Cy Twombly (1928-2011) – subliminal creation.



Cy Twombly died on 5 July in Rome. The American artist had lived the last 60 years of his life in Italy.

A Post-War artist, Cy TWOMBLY was marginally associated with the American abstract expressionist artists in the 1950s. His works look like graphic psychological releases mixing writing, drawings and numbers. They seem to have been hurriedly scratched, driven by a creative urgency revealing the sub-conscience … a compulsive necessity that reminds us of the automatic writing practiced by some surrealist artists.

Cy Twombly did not achieve genuine international recognition until the beginning of the 21st century: in 2001, he received the Golden Lion award at the Venice Biennial. The artist was no stranger to Venice, and his works had been exposed at the fair since 1964, but the prize did not have an immediate impact on Twombly’s auction prices. In fact international interest did not ignite until three years later (2004) when his travelling exhibition entitled “CY Twombly, 50 years of drawing” allowed his works to be viewed in Saint Petersburg, the Munich Pinakothek, the Centre Georges Pompidou in Paris and finally at the Serpentine Gallery in London. Such broad exposure had an immediate impact on his prices: in 2004 he generated a best-to-date annual auction total of 17 million dollars… and the following year the total gained an additional 4 million dollars. The artist’s best auction result in 2005 was $7.7m for an untitled mixed-technique work made in 1968. The piece sold at Sotheby’s NY and represented his 28th seven-figure auction result. While his works continued to climb in value between 2006 and 2008 (his price index gained +27%) contributing to high annual revenue figures (more than $21m in 2008), he did not sign his absolute record until 2010 when Sotheby’s held its Post-War & Contemporary Art sale in New York on 11 May. The work Unititled dated 1967 sold for $13.5m confirming collectors’ preference for the works he produced in the late 1960s.
At the beginning of the 1990s, some of his late-60s works changed hands for around 50,000 dollars. After the end of the 1990s, they could not be acquired for less than $100,000. His less sought-after works from other periods also enjoyed price inflation and the last canvas acquired for less than $100,000 was sold in June 2003 at Sotheby’s London. That was Roman Notes, an oil painting dated 1970 which fetched £60,000 (£99,600).

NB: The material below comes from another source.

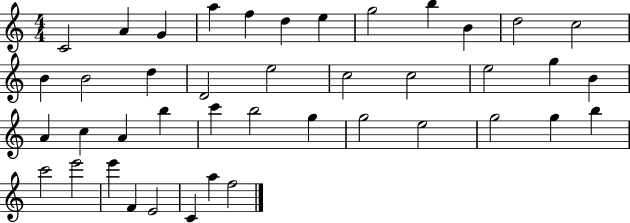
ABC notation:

Today, his paintings measuring roughly 50cm change hands for between 150,000 and 600,000 dollars on average (all periods combined). With a budget of less than 50,000 dollars, amateur collectors could pick up a drawing such as the small felt pen Apollo (16×23 cm) dated 1963 which sold for 10,000 euros in Munich at Ketterer Kunst on 12 June 2007 after being offered unsuccessfully at Piasa in Paris on 28 November 2006. Another example was Reflection which fetched 34,000 dollars (86.4 x 67.3 cm) on 18 May 2007 in New York (Phillips, de Pury & Company). Four years earlier, the same Reflection had fetched just £5,800 (roughly $9,600) at Christie’s in London (23 June 2003).
On 2 July 2008 at Sotheby’s in London, an Untitled work dated 1965 and measuring 17.7cm x 23.7cm was acquired for €164,411; that was the last Twombly painting to sell at auction for less than €200,000.

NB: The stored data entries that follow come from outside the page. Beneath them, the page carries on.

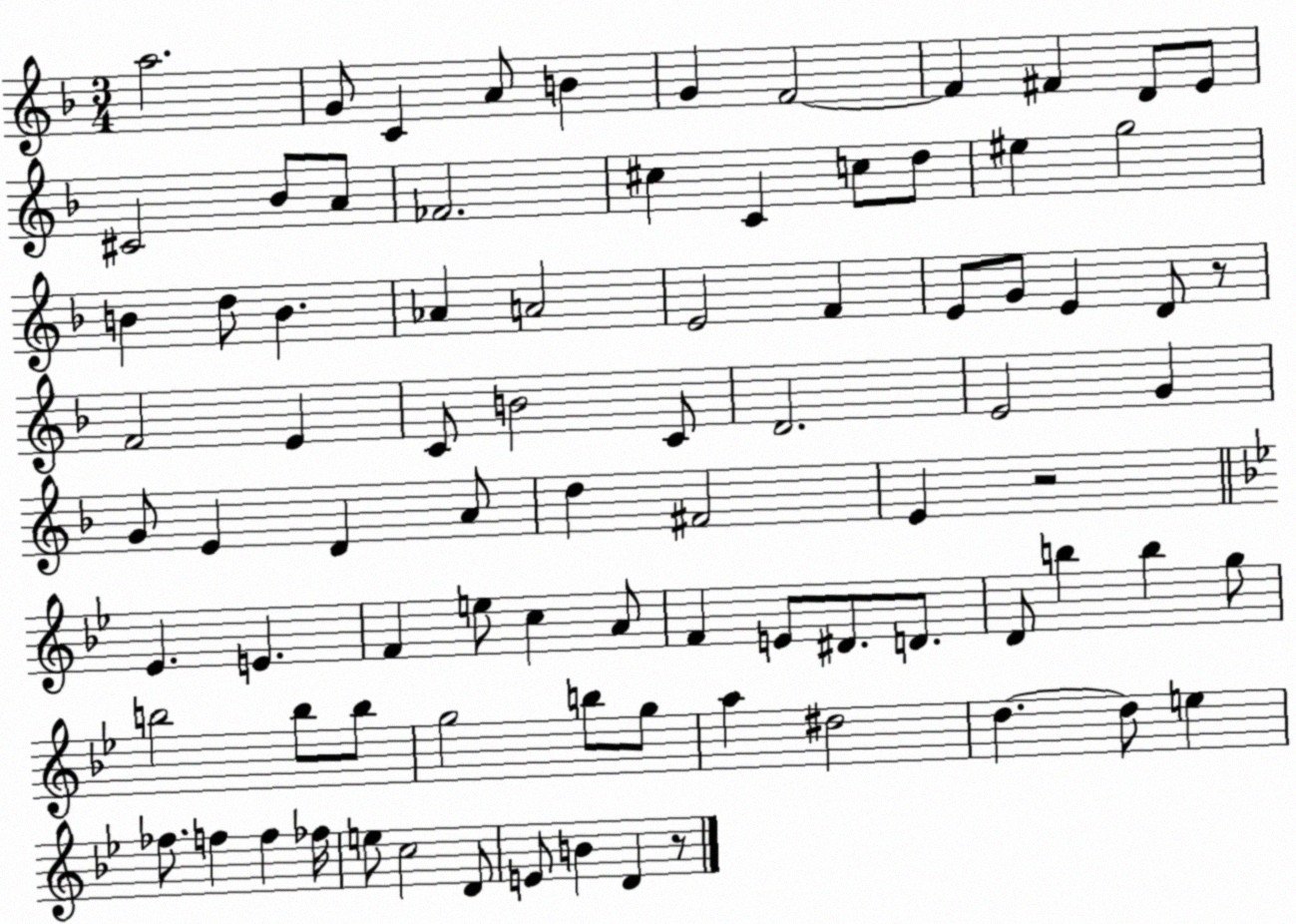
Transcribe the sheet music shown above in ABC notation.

X:1
T:Untitled
M:3/4
L:1/4
K:F
a2 G/2 C A/2 B G F2 F ^F D/2 E/2 ^C2 _B/2 A/2 _F2 ^c C c/2 d/2 ^e g2 B d/2 B _A A2 E2 F E/2 G/2 E D/2 z/2 F2 E C/2 B2 C/2 D2 E2 G G/2 E D A/2 d ^F2 E z2 _E E F e/2 c A/2 F E/2 ^D/2 D/2 D/2 b b g/2 b2 b/2 b/2 g2 b/2 g/2 a ^d2 d d/2 e _f/2 f f _f/4 e/2 c2 D/2 E/2 B D z/2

While less than 10 Twombly paintings change hands per year at public sales, amateur collectors can find a multitude of drawings and water-colours on paper that sell on average for less than €35,000. The highest price ever paid for one of his drawings was nevertheless above $3m ($3.7m, Untitled, Sotheby’s New York 17 November 1999).
The value of his prints has also followed the upward trend: today one would have to pay around $15,000 for a multiple work by the artist. Some collectors are even willing to pay 200,000 dollars for lots of 6 prints from the Sketches series or his Roman Notes series that were printed in limited editions of 100!

Twombly moved to Italy in 1959, but remained very popular in America where he generated 71% of his auction revenue; however, 39% of his lots sold in Europe during the period 1997-2010. He is also popular in France: in 2010 Christie’s in Paris sold a 50cm² drawing for 440,000 euros ($586,608) and indeed art critics find his work to have affinities with European culture. In 2006, The Lambert Foundation paid tribute to Twombly in Avignon with an exhibition that was to be remembered: a woman managed to damage one of the works by kissing it… a passion whose mark caused a sensation. This year, the same Lambert collection is exposing his photographs of artists until 2 October 2011. Simultaneous to his Avignon exhibition Le Temps retrouvé, Cy Twombly was also the curator of an exhibition that brings together his own works with the chlorinated portraits and video installation of Douglas GORDON and Miquel BARCELO.
At the end of 2011, the artist’s paintings will be exhibited next to the Impressionist masters Turner and Monet at the Moderna Museet in Stockholm (8 October 2011 – 15 January 2012), at the Staatsgalerie Stuttgart in Germany (11 February – 28 May 2012) and lastly at the Tate Liverpool (22 June – 28 October 2012) in what promises to be one of the numerous posthumous exhibitions of the artist’s work.